I was away on the week of September 15, with little access to markets. Still, I wrote that Lehman bankruptcy would be an event to remember. I focused on the inability of the Fed to take action because it had reached the limit of its authority, something that Treasury secretary Paulson confirmed and emphasized in a recent interview. But there is more twist to the story. There always is

Why was Lehman allowed to fail? And under what general heading should we classify/archive the event?

I have a few thoughts on the subject. In coming weeks, I will share them with you.

Thursday, 6 November 2008

Wall Street’s Deafening Silence

Throughout the long dark days of this financial crisis, one thing that has struck me is the silence of Wall Street’s public relations machines. I keep waiting for one bank, any bank, to give us their best-spin version of what went wrong, or why they aren’t as bad as all those others – or to say something. Surely they must see how vilified they have become. Shareholder activist Nell Minow even quipped that the Street is one bonus away from having the villagers descend with torches.

But when “60 Minutes” did its exposé on the financial crisis early on, none of the major Wall Street banks would comment, apparently in any form. None of them even sent what I call the “coward’s note” – that carefully crafted defense/statement that is read on air at the end of the broadcast segment. Later, when the bank CEOs went to Washington to sign off on billion-dollar bailouts, they left the meeting with Treasury Secretary Paulson and fled to their limousines. They adroitly dodged the press corps waiting outside. None of them did so much as issue a short statement of thanks or say that the money would help them extend more loans to unfreeze the credit markets.

How to explain this total silence? Partly it may stem from a “duck and cover your ass” mentality: anyone who raises his head to defend himself at this unsettled time may just draw more incoming fire. Also the more you say, the more ammunition you supply prosecutors and lawyers busy cobbling together investigations and lawsuits related to the financial meltdown. But the biggest reason may be simply that Wall Street’s largest banks realize how badly they screwed up.

When you think you’re an innocent man, you want to shout your message to the world. When you think you’re innocent to some degree, you seek ways to disseminate your version of events. When you think you’re guilty as hell, you shut up and pray for an earthquake or something that will bump news of your misdeeds off the front page.

Tuesday, 4 November 2008

Election Night Musings on Why We Fail to “Get It”

Vols. 1 and 2 of Speculative Capital were published by the Financial Times in 1999. Vol. 1 came out in March and was FT’s “Book of the Month”. It got a respectable review and relatively strong sales which increased over time.

Vol. 2 followed in June and, as far the options discovery was concerned, was an instant dud. No one reacted to it.

The silence surprised me. There were large and active equity, fixed income, commodities and FX markets with tens of thousands of users and traders.

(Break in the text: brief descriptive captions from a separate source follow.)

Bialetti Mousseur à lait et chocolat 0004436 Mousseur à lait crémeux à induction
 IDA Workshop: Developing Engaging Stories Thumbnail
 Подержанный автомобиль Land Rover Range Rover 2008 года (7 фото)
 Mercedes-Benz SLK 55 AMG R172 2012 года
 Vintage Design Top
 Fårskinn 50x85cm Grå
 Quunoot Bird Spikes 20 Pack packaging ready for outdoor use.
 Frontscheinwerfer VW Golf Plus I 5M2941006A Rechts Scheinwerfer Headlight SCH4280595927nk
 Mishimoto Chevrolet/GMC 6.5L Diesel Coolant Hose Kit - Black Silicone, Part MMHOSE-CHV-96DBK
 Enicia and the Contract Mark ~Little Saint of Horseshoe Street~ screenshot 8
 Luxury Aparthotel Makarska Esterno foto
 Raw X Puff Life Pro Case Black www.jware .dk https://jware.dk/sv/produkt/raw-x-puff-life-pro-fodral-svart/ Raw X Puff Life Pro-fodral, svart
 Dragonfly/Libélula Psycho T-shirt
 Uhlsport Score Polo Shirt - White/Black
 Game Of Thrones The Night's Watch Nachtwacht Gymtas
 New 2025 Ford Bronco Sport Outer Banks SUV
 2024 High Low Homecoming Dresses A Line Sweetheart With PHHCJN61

Option valuation was, and remains, a mandatory subject in all business school programs. Surely the proof that options were not what everyone had thought they were had to be newsworthy.

After a few months, the comments began to trickle in and they were uniformly critical. The 100-plus page proof, that an option is not a right to buy or sell but a right to default, somehow had failed to make its mark; even a few who praised it had not understood it. There was, furthermore, this weird reciprocity, as I did not understand what the critics were saying. “What do you mean by right to default?”, “Where is the default?”, “Who defaults in an option?”, the readers were asking, and I thought I had answered these questions clearly and unequivocally. So the disconnect was real. It certainly went beyond careless reading of the text.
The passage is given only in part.